W kinie: Geograf przepił globus (WFF)

geograf

 

GEOGRAF PRZEPIŁ GLOBUS
polska premiera: 29. WFF
reż. Alexander Veledinsky

moja ocena: 7/10

 

Słodko-gorzki los upadłego inteligenta w fantastycznie inteligentny i dowcipny sposób ukazuje “Geograf przepił globus”. Bezrobotny Wiktor dostaje pracę w szkole jako nauczyciel geografii. Mimo że nic o tej dziedzinie nie wie, wcale mu to nie przeszkadza, bo bezpieczna posadka w szkole zapewnia mu zajęcie w przerwach między alkoholowymi libacjami, rozwiązywaniem rodzinnych problemów i pokątnymi romansami.
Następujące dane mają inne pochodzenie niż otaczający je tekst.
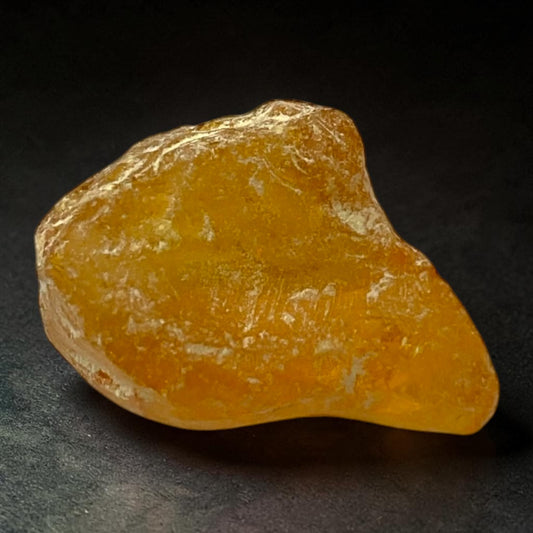 Natural Amber - 8 Carat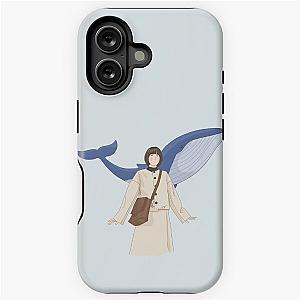 Extraordinary Attorney Woo Big Whale iPhone Case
Naszemu bohaterowi w życiu nie układa się absolutnie nic. Żona chce go rzucić dla najlepszego kumpla, w których zakochuje się również atrakcyjna kandydatka na ewentualną kochankę Wiktora, dzieciaki w szkole w głębokim poważaniu mają nauczyciela, a córka zbytnio upodabnia się do leniwego ojca. Nic jednak nie jest w stanie zmącić spokoju i humoru nauczyciela, który do perfekcji opanował filozofię “tumiwisizmu”, ograniczając własne reakcje na wszystko, co się dzieje wokół do rad mędrca z nieodłączną butelką wódki w dłoni. Świetny film, gdzie sensowną refleksję wspiera bezpretensjonalny dowcip i satyra.